-- Dataset extract --
= = = =
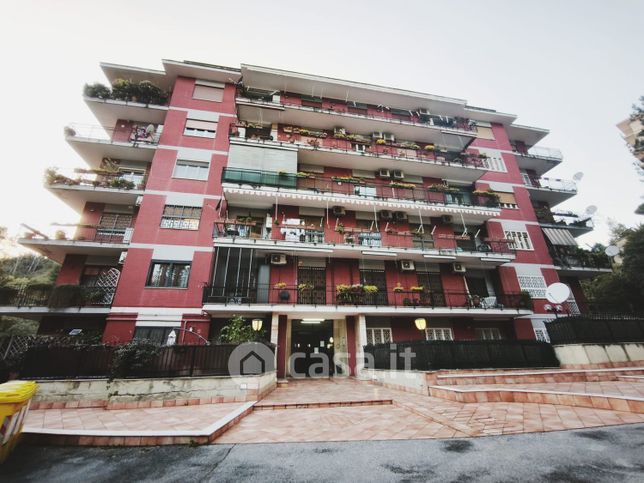 Appartamento in residenziale in Viale Letizia 8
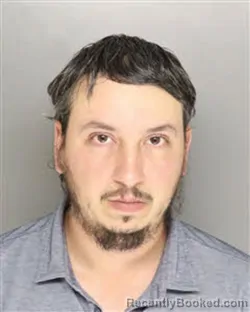 Mugshot of DALTON CHASE EDWARDS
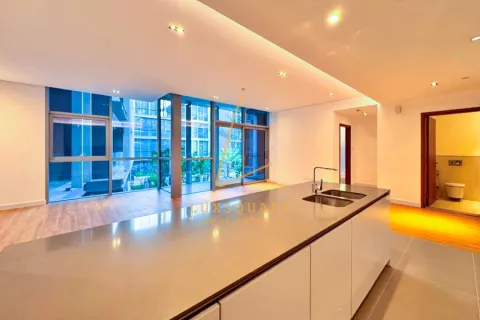 Apartament në Al Wasl, Dubai, Emiratet e Bashkuara Arabe 1 dhomë gjumi, 105 m2. № 769736 - Foto 7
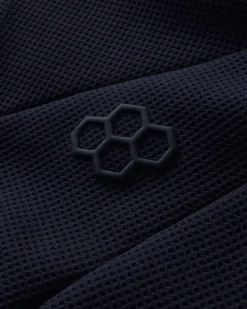 RUDIS TE Vest - Navy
= = = =
-- Try it --
Would you return the material above exactly, apart from its pictures?

-- The completed task --
 Appartamento in residenziale in Viale Letizia 8
 Mugshot of DALTON CHASE EDWARDS
 Apartament në Al Wasl, Dubai, Emiratet e Bashkuara Arabe 1 dhomë gjumi, 105 m2. № 769736 - Foto 7
 RUDIS TE Vest - Navy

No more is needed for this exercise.